▶ _Required action_: Copy exactly the lines of the data below, beginning with the line with "Framed landscape painting" and ending with the line with "Estojo Caneta Posca". Pictures are to be omitted.

▶ _Recorded data_:
=== Section Start ===
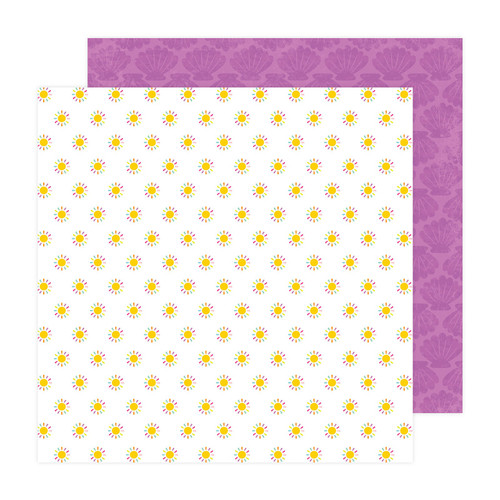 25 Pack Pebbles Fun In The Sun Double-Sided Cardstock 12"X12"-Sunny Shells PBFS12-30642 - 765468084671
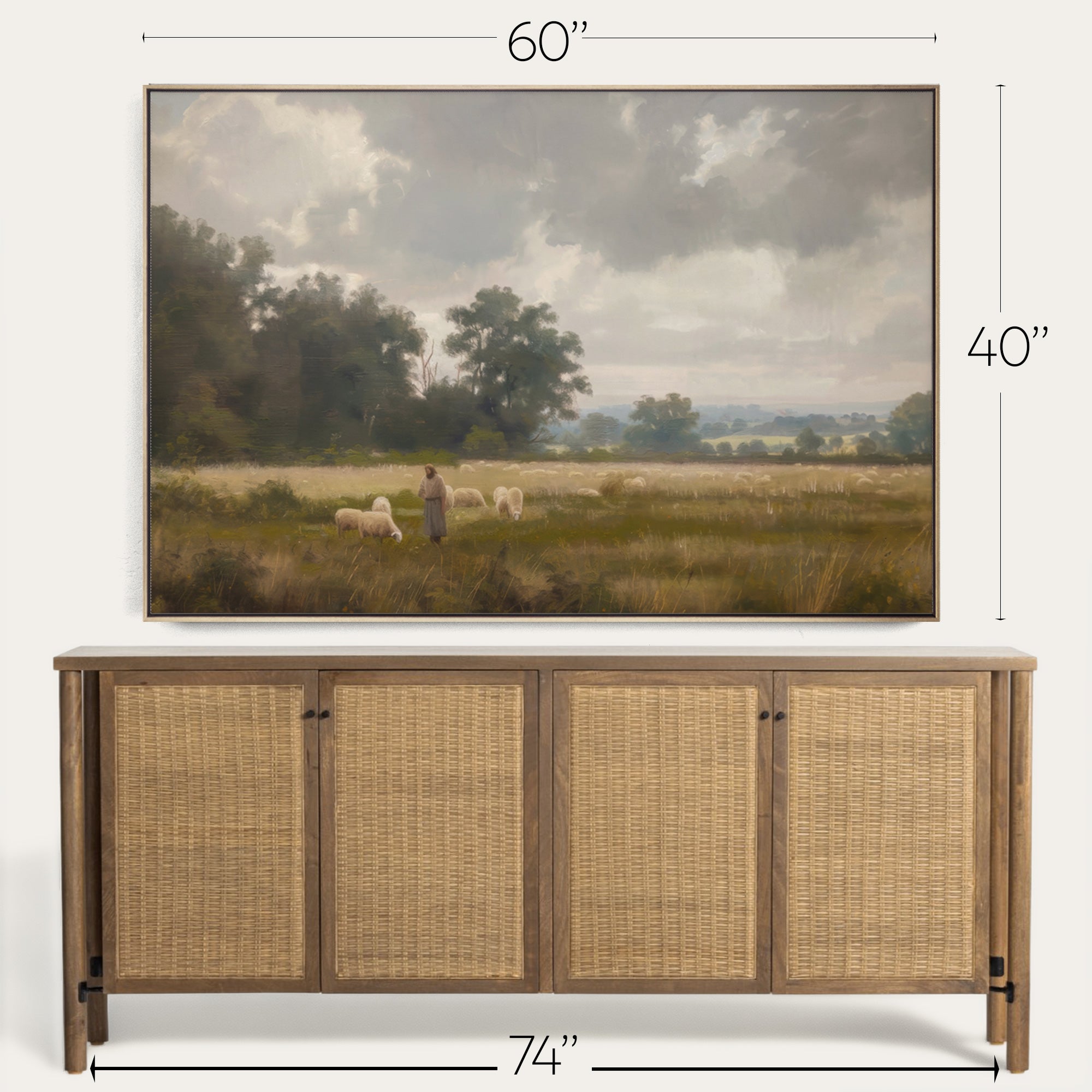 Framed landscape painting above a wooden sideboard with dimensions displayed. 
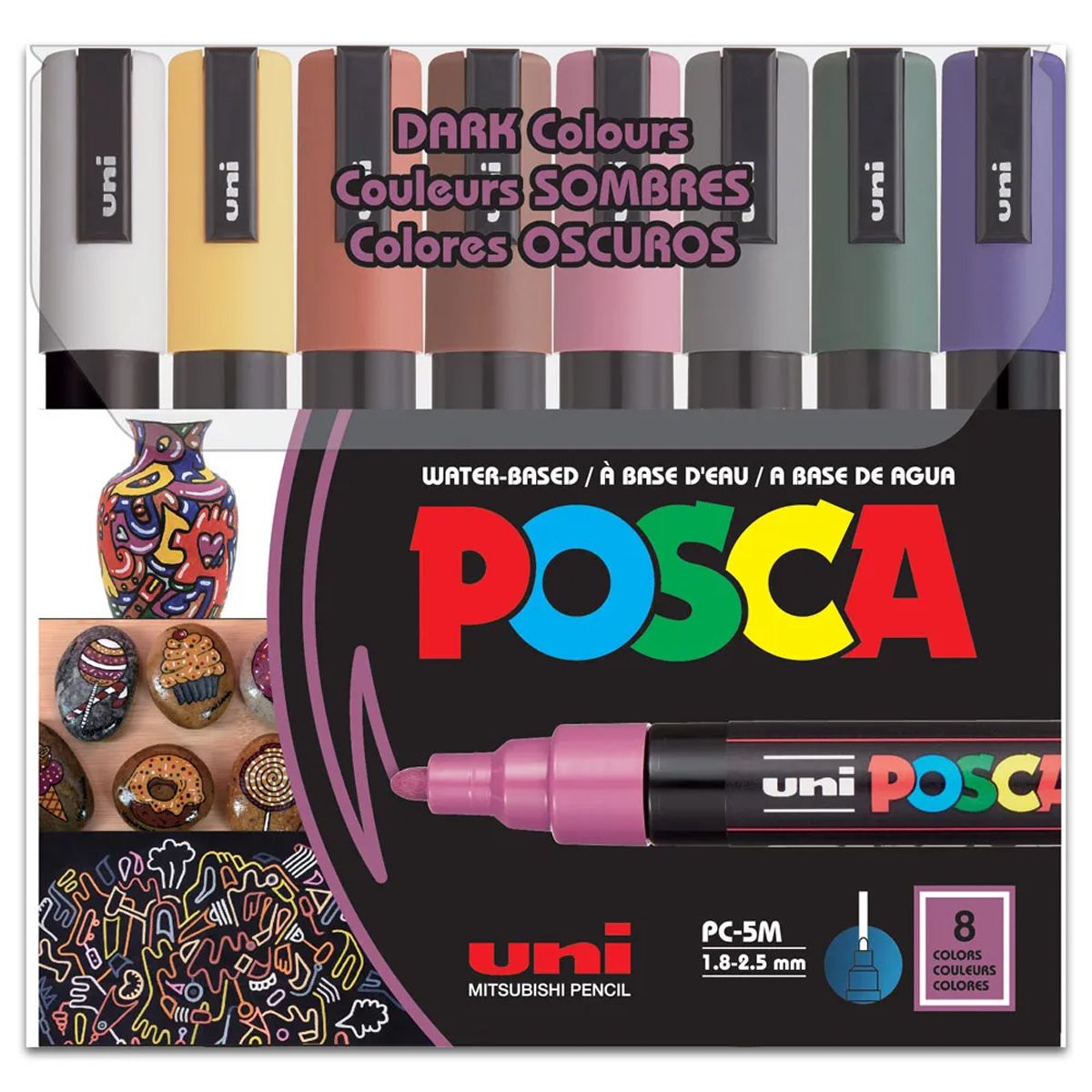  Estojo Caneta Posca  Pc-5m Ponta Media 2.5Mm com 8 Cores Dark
=== Section End ===
=== Section Start ===
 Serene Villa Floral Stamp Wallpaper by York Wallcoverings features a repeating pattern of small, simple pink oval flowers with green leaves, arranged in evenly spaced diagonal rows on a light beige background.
=== Section End ===
▶ _Task result_:
 Framed landscape painting above a wooden sideboard with dimensions displayed. 
  Estojo Caneta Posca  Pc-5m Ponta Media 2.5Mm com 8 Cores Dark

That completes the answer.